Using the data below, print exactly the line with "Invitation Super rétro", the line with "Hank Aaron Autographed", and every line between them, but none of the pictures.

=== Data provided ===

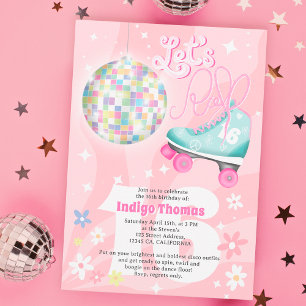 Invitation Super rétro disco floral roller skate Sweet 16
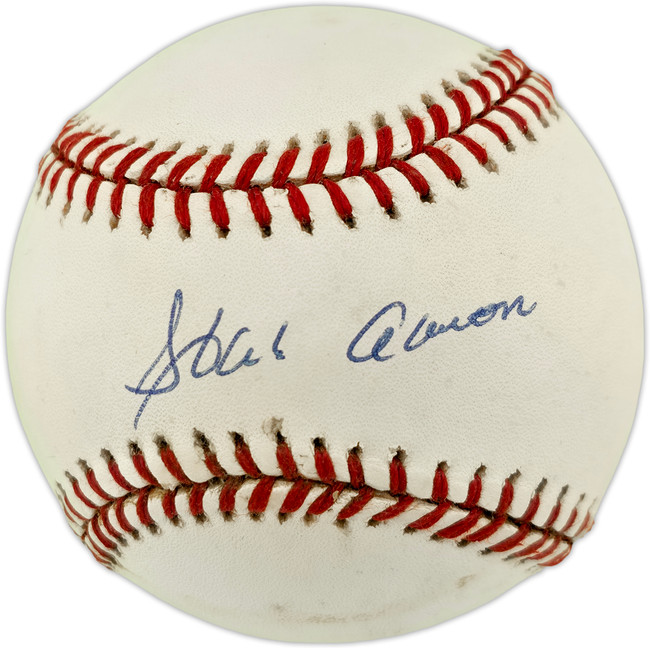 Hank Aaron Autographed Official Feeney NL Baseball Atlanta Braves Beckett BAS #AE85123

===
=== Data provided ===

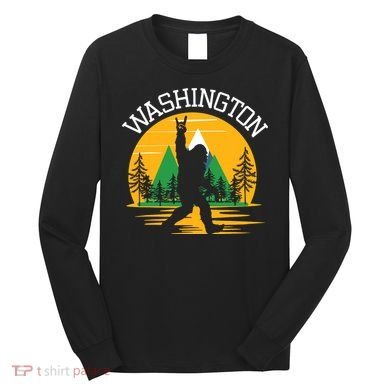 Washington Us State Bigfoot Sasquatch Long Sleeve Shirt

===
=== Data provided ===

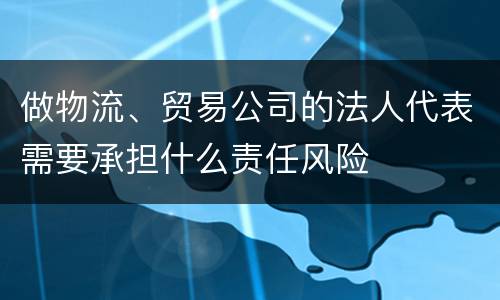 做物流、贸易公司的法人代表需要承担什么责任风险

===

* Result of this task
 Invitation Super rétro disco floral roller skate Sweet 16
 Hank Aaron Autographed Official Feeney NL Baseball Atlanta Braves Beckett BAS #AE85123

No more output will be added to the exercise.